Only that’s a bit hard to work out, somehow.

At least in this great and beautiful nation and among people like us.

It’s rather like going to the dentist — unpleasant sometimes, but lots of people have been there before.

Thou shalt not press send?

8.27.2024 – am what I have read

am what I have read
far more surely than I am
what I have eaten

Ms. Margaret Renkl, a contributing Opinion writer for the New York Times who covers flora, fauna, politics and culture in the American South, in a love letter to books titled, My Bookshelf, Myself, writes:

For me, a book made of paper will always be a beautiful object that warms a room even as it expands (or entertains, or challenges, or informs, or comforts) a mind, and a bookcase will always represent time itself. I walk past one of our bookcases, and I can tell you exactly why a particular book is still there, never culled as space grew limited, even if there is no chance I’ll ever read it again.

I could have written this piece.

I know a lot of people who could have written this piece.

I also know a lot of people who won’t understand the line “I walk past one of our bookcases, and I can tell you exactly why a particular book is still there, never culled as space grew limited, even if there is no chance I’ll ever read it again.

Why would anyone keep a book they’ll never read again?

It is a good a question and I don’t really have a good answer.

It is somewhere along the lines of a quote in the 1983 documentary, Ansel Adams: Photographer.

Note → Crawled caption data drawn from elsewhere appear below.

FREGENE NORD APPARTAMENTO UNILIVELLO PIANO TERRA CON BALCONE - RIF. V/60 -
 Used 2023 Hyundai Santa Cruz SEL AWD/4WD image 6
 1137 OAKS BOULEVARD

At the end of the film, the scene depicts Mr. Adams walking through a flowering field and the narration says, ” … in 1938 Alfred Stieglitz wrote in a letter to Ansel Adams that ‘it is good for me to know there is an Ansel Adams loose somewhere in this world of ours.'”

It is good for some folks to know that certain books are there, still there, close by, even if there is no chance that book will ever be read again.

Ms. Renkl continues, “When I reread a book from my own shelves, I meet my own younger self. Sometimes my younger self underlined a passage that I would have reached for my pencil to underline now. Other times she read right past a line that stuns me with its beauty today. I am what I have read far more surely than I am what I have eaten.

I love that passage though in some ways its brings to mind the Jim Harrison character in his book, The Road Home, who re-reads his own 50 year old journals and keeps thinking, “What will this fool going to do next?”

Books, books and more books.

As I would say when I worked in a bookstore, books are like jello, always room for more.

I spent my life with them and they are, until you move cross country, a necessity.

When you move, they become a luxury.

To be sure I have two book cases of books I really want, want enough to move with, but I wonder if they will make the next move.

I still look at them and feel good knowing they are there even though I know I most likely won’t read them again.

I have three devices filled with books and I can still get that feeling of pleasure of knowing I have these books on my devices.

And I cannot agree more that I am what I have read far more surely than what I have eaten.

I remember my good friend Gerald Elliot, who over his long life, was an editorial writer for the Grand Rapids Press among many other things.

Late in life he had accomplished two interesting things.

First, about 10 years before he died, he gave his personal library to the Grand Valley State University Library.

Jerry not only wrote editorials but had been the book reviewer for the Grand Rapids Press for decades and was pretty much understood to be the area’s man of letters and his collection was impressive.

He had thought the books would go into the general collection of the library but instead were dumped into the library fundraising book sale which made him so mad that he vowed to me that he would never do that again.

And the second thing was that in the 10 years since giving away his library, he had acquired as many books again as he had given away.

He told me that story at the bookstore where I worked as he picked up the two bags full of new editions he had just purchased.

He looked at me then he looked over at his wife then he looked at the bags of books and back at me.

Can’t go on forever I guess,” he said.

He looked at his wife and said, “Then it will be her problem of what to do with these damn books.”